Стефан ушел. Мать занялась было уборкой, но быстро угомонилась. В доме воцарилась тишина.
«Видно, что-то в этом есть, – думала я, лежа в постели. – Стефан не станет преувеличивать. Раз он говорит, что все оборачивается против меня, значит так оно и есть. Попытка Ирека покончить с собой убедила даже таких людей, как Стефан. А ведь он человек солидный, деловой. Его девиз: не прогадать в жизни. Однажды он сказал маме: «Здорово облапошил меня этот тип, у которого я купил выдру. Но ничего, я ему при встрече все выскажу. И других скорняков предупрежу, чтоб держали ухо востро». Когда же мама спросила, много ли он потерял, Стефан возмутился: «Я потерял? Да я тут же эту шкуру продал и еще двести злотых на ней заработал. Но если б я вложил эти деньги во что-нибудь другое, заработал бы гораздо больше».

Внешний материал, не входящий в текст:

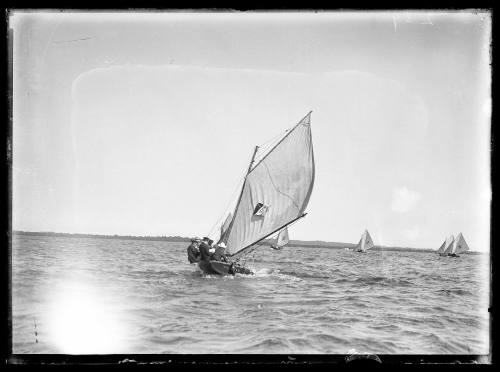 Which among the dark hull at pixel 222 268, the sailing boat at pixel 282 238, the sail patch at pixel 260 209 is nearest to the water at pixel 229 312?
the dark hull at pixel 222 268

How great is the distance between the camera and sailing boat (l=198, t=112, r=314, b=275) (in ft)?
31.9

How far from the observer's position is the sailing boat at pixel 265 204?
31.9ft

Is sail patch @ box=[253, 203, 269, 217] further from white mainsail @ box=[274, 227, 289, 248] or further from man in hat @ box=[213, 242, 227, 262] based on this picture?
man in hat @ box=[213, 242, 227, 262]

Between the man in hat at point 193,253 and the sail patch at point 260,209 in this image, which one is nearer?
the man in hat at point 193,253

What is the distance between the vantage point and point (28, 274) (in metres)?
4.85

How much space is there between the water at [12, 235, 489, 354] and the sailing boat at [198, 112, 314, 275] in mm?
3484

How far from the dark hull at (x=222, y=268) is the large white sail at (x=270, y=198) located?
0.68m

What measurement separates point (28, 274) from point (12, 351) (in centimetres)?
82

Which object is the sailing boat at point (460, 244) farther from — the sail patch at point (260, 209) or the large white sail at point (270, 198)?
the sail patch at point (260, 209)

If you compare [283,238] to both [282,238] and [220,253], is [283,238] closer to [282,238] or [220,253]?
[282,238]

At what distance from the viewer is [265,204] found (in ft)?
37.3

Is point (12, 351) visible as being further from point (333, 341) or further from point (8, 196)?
point (333, 341)

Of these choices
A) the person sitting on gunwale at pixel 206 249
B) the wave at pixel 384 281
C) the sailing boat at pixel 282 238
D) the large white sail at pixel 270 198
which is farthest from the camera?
the sailing boat at pixel 282 238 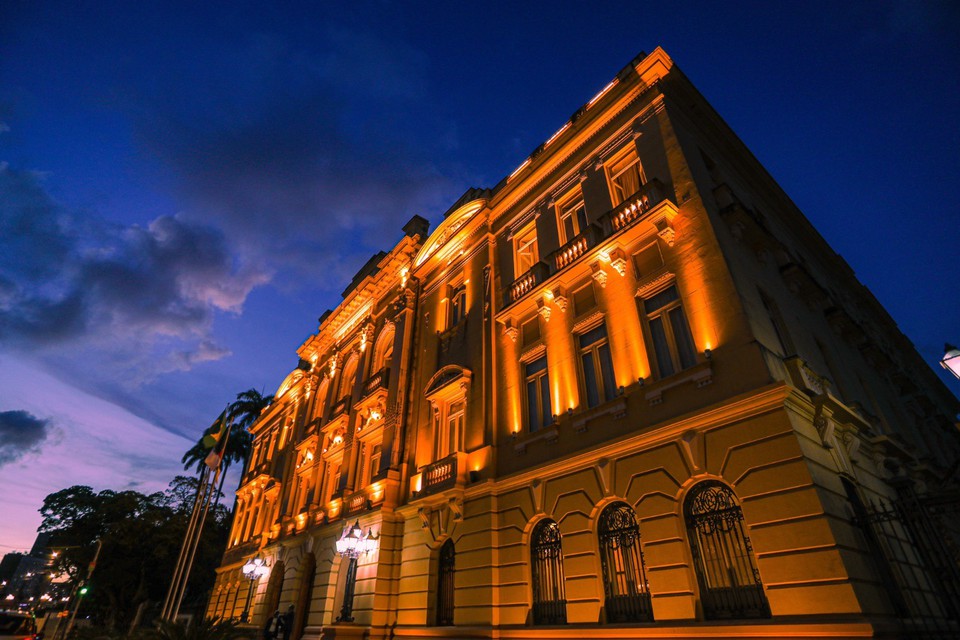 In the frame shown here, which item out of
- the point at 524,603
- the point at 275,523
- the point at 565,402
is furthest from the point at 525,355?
the point at 275,523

Да, все очень сложно, очень трудно до конца во всем разобраться. С ума можно сойти. Лучше не думать, лучше спать. Только время может мне помочь».
Я с головой уходила в работу и не слыхала, о чем говорят вокруг. В отделе остались только мы с панной Зофьей. Остальных сотрудников направили на стройки – проводить всеобщую инвентаризацию. Работы было столько, что домой я вырывалась не раньше семи вечера.
Наш заведующий был неумолим. Он приносил целые груды документов, писем и накладных, сваливал их перед панной Зофьей на столе и без лишних слов удалялся.
Панна Зофья нашла чрезвычайно простой выход из положения: львиную долю работы она перекладывала на меня, да и в остальном не слишком себя переутомляла. Мне постоянно приходилось что-то за нее доделывать.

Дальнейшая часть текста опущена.